Entries taken from a collection:
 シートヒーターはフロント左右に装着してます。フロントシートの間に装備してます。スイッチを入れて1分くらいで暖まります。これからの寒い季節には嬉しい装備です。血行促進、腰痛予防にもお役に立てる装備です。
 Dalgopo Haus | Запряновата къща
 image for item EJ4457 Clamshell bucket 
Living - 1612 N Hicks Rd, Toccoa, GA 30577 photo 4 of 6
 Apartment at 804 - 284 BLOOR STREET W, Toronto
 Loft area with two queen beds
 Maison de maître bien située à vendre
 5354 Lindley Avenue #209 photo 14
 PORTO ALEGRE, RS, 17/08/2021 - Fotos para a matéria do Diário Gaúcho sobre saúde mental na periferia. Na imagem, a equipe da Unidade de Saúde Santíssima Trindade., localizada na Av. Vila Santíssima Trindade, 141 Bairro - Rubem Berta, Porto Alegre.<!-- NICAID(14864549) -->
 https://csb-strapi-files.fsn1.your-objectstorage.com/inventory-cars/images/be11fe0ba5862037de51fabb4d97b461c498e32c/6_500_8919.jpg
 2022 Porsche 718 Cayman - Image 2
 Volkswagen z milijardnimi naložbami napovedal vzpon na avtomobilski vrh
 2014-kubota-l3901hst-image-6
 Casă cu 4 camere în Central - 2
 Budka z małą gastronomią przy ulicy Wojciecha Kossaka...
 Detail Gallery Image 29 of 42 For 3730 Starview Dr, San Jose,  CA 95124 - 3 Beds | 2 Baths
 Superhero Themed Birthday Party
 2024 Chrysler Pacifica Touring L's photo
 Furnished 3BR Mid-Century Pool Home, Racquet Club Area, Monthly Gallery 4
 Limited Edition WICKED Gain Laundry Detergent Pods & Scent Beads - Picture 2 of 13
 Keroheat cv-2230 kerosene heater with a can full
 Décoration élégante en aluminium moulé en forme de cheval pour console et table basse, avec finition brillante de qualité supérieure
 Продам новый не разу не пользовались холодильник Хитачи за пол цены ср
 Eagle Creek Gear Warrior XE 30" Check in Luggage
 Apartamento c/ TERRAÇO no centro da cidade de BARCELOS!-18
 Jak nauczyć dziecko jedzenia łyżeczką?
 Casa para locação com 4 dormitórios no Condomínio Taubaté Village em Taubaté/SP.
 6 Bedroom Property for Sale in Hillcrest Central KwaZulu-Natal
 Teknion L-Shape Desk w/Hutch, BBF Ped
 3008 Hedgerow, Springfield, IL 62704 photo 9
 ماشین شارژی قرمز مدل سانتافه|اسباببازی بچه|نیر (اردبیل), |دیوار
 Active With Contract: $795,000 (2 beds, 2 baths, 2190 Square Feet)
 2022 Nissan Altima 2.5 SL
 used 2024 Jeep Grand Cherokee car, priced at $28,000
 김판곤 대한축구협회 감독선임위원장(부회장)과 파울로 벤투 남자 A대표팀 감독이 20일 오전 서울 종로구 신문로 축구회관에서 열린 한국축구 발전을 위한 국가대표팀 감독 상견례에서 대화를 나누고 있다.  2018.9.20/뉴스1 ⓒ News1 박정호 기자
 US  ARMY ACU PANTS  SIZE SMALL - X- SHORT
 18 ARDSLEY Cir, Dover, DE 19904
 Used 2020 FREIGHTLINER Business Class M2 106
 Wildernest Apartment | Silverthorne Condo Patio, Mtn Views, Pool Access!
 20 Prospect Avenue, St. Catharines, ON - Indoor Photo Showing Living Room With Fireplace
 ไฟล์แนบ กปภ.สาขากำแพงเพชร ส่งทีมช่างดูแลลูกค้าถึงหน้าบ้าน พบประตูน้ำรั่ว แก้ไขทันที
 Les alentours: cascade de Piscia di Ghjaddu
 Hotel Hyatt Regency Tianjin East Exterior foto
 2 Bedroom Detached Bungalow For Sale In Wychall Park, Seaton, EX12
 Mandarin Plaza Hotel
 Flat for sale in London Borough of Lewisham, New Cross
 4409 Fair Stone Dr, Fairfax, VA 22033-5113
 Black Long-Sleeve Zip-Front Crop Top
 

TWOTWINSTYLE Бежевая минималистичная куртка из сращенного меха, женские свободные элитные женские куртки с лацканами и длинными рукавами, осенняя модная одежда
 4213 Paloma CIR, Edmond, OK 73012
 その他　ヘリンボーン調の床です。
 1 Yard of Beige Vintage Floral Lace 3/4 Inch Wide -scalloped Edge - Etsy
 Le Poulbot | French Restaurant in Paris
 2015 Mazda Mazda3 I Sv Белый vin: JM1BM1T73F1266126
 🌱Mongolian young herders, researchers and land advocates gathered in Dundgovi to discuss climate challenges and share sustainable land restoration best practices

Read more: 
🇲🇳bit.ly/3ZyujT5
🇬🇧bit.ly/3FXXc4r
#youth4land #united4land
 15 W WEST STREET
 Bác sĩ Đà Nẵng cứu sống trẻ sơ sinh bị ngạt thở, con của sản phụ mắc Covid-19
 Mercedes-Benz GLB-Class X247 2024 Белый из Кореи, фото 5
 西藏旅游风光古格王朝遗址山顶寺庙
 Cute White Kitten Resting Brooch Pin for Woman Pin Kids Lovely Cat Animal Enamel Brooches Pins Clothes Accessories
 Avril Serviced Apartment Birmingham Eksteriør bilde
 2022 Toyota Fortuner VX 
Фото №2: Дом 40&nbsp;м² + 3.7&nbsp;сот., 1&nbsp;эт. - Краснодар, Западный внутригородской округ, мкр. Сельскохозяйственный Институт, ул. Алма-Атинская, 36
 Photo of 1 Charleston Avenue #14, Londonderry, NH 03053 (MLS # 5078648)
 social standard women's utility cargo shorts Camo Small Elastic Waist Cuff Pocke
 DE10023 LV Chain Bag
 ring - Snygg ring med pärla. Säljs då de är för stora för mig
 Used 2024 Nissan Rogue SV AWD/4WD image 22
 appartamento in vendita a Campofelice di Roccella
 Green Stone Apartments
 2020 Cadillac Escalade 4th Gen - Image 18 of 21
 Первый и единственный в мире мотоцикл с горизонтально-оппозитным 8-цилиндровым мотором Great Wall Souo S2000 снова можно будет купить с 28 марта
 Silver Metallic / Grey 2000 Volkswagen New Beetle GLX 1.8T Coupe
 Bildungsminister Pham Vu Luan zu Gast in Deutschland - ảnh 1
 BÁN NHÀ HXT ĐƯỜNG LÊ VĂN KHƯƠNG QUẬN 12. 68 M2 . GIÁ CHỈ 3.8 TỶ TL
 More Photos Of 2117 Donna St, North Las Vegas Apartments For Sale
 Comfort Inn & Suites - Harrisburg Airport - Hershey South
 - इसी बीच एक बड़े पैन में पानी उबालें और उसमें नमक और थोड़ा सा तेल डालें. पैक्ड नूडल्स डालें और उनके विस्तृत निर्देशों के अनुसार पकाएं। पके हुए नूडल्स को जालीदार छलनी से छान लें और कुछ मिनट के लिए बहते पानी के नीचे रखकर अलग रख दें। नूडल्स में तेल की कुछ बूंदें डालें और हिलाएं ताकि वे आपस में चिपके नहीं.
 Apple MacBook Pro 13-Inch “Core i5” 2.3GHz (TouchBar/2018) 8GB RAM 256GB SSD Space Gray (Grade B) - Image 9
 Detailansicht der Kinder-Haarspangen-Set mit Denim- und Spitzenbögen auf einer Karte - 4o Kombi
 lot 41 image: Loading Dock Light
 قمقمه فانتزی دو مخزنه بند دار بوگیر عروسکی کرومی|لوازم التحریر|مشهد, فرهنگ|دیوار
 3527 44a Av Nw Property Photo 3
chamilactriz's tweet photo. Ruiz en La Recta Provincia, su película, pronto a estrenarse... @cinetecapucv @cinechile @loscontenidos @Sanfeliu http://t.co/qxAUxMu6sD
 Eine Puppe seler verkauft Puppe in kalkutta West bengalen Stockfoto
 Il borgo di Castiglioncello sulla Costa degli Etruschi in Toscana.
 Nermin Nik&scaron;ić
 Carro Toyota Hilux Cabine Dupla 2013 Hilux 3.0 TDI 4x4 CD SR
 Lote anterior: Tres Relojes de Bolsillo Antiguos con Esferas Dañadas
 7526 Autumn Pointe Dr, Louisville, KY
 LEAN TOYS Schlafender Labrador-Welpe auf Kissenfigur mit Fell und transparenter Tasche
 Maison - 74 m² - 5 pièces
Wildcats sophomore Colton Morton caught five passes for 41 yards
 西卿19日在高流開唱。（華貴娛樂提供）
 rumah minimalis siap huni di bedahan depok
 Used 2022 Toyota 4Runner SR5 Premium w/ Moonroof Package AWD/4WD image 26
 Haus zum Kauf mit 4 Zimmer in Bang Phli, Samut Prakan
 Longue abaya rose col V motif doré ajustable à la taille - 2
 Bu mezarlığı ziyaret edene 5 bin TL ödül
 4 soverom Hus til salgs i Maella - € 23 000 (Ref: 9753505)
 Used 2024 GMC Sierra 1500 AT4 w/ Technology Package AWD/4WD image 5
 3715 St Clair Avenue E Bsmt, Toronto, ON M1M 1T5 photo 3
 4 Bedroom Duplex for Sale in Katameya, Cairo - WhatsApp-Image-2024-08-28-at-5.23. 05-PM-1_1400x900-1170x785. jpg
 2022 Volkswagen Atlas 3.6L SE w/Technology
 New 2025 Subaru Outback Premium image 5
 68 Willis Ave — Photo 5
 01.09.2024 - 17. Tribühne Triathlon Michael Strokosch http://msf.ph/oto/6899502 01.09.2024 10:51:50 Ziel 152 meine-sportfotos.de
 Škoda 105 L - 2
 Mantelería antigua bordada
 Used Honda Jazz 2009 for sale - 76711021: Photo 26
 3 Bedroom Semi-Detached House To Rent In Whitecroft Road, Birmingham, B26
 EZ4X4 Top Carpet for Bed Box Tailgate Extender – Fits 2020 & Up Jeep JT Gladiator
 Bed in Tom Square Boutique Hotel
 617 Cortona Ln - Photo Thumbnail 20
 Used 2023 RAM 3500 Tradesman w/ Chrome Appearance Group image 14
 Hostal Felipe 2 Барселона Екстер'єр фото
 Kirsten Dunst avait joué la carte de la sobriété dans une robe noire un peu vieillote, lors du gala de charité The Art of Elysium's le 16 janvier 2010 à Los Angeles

Problem requirements: Retype exactly the lines from the first line of the records above through the line containing "5354 Lindley Avenue #209 photo 14", both included, and nothing else.

Solution for this problem:
 シートヒーターはフロント左右に装着してます。フロントシートの間に装備してます。スイッチを入れて1分くらいで暖まります。これからの寒い季節には嬉しい装備です。血行促進、腰痛予防にもお役に立てる装備です。
 Dalgopo Haus | Запряновата къща
 image for item EJ4457 Clamshell bucket 
Living - 1612 N Hicks Rd, Toccoa, GA 30577 photo 4 of 6
 Apartment at 804 - 284 BLOOR STREET W, Toronto
 Loft area with two queen beds
 Maison de maître bien située à vendre
 5354 Lindley Avenue #209 photo 14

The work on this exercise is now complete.